URA calls for study to make Kallang connector a seamless cycling route to town

The URA is studying how to make the park connector along the Kallang River a seamless connection for cyclists.
The URA is studying how to make the park connector along the Kallang River a seamless connection for cyclists. ST PHOTO: ALPHONSUS CHERN

SINGAPORE - Riding a bicycle from the Bishan-Ang Mo Kio Park to Gardens by the Bay and then the Central Business District (CBD) - without dismounting - could be a reality in future.

The Urban Redevelopment Authority (URA) wants to make the 10km-long Kallang Park Connector, which starts in Bishan and runs along the Kallang River, a seamless cycyling route.

On Tuesday it called for consultants to come forward to find ways around seven obstacles that now prevent a seamless ride.

These include pedestrian crossings, an underpass with low head-room and overhead pedestrian bridges.
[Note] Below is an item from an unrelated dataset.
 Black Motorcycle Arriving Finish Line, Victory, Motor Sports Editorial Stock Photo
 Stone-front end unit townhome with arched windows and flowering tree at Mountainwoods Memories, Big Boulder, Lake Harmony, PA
If completed, it could take a cyclist about 30 to 45 minutes to ride from Bishan to the heart of the city, compared to about an hour to 11/2 hours now.
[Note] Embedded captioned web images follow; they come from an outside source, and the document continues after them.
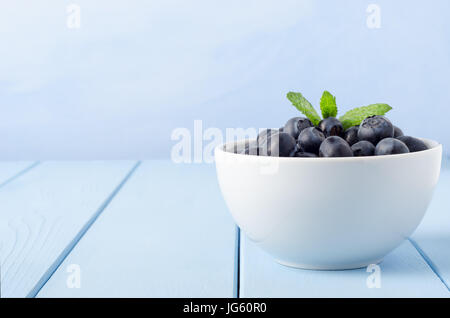 Blick auf Ebene eine weiße Schüssel mit Heidelbeeren garniert mit einem Zweig Minze auf einem Holztisch geplankte hellblau gegen einen hellblauen Hintergrund gemalt. Stockfoto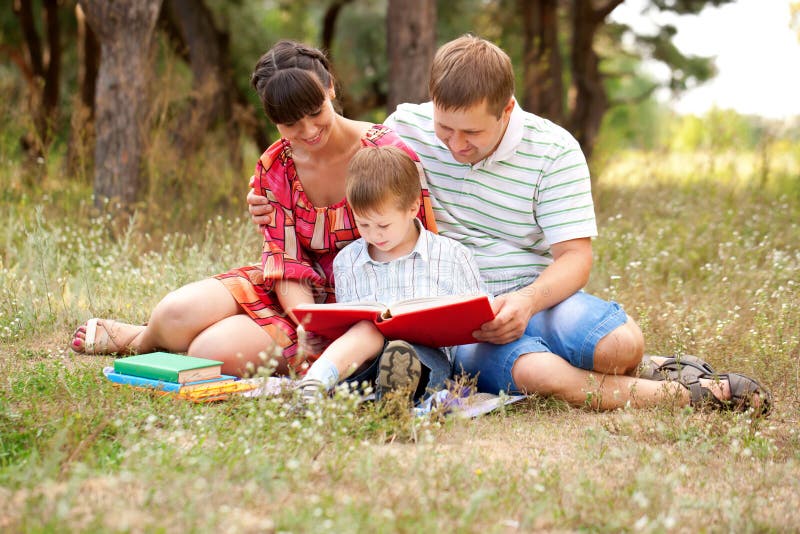 Happy family reading together. royalty free stock image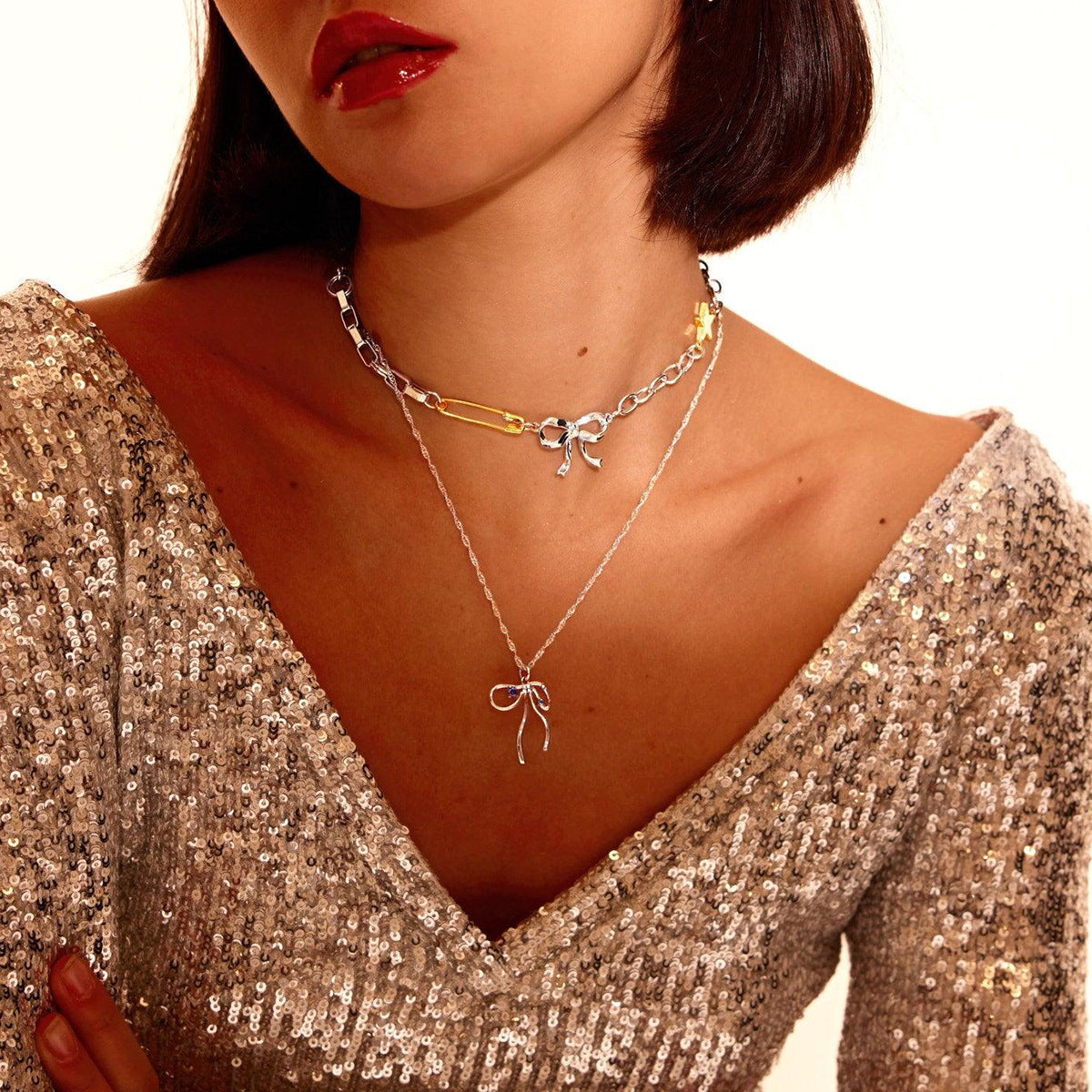 Collana con Pendente a Fiocco in Acciaio Inossidabile Bicolore alla Moda da Donna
In a statement, the URA said it would shortlist the consultants by October and select a team to conduct the study by the second quarter of next year. The study will take a year to complete.

URA executive planner Joycelyn Yik said this could be the birth of Singapore's first seamless cycling route into the heart of the city - which would pass through 11 housing estates and serve 400,000 people.

But there are challenging technical constrains. "Given that the Kallang Park Connector and Kallang River runs through very built up areas, there's really not much land for us to play with around here," said Ms Yik.

Elevated cycling-friendly bridges with gentle ramps, or underpasses, could be possible solutions to the obstacles said Ms Yik.

Both the URA and the National Parks Board said they would first study the route before turning their attention to other park connectors in the future.

NParks assistant director of park planning Henry Hee said the biggest obstacle along the Kallang connector was the overhead bridge over the PIE, near the Saint Andrew's Junior School.

Indeed, when The Straits Times followed the route two weeks ago, this was the most disruptive - cyclists had to carry their bikes up and down eight flights of stairs to get to the other side.

Associate Professor Wong Yiik Diew, director of the Centre for Infrastructure Systems at Nanyang Technological University, said the initiative would set up an important "trunk route" for commuting cyclists.

Dr Alexander Erath, a transport researcher at the Singapore-ETH Future Cities Laboratory, noted that it would also be important to see how individual towns can be best connected to the upgraded Kallang route.

"Intra and inter-town cycling depend upon each other. Only if people consider the entire trip to be safe and convenient for cycling, will they start considering it as a relevant travel option," he said.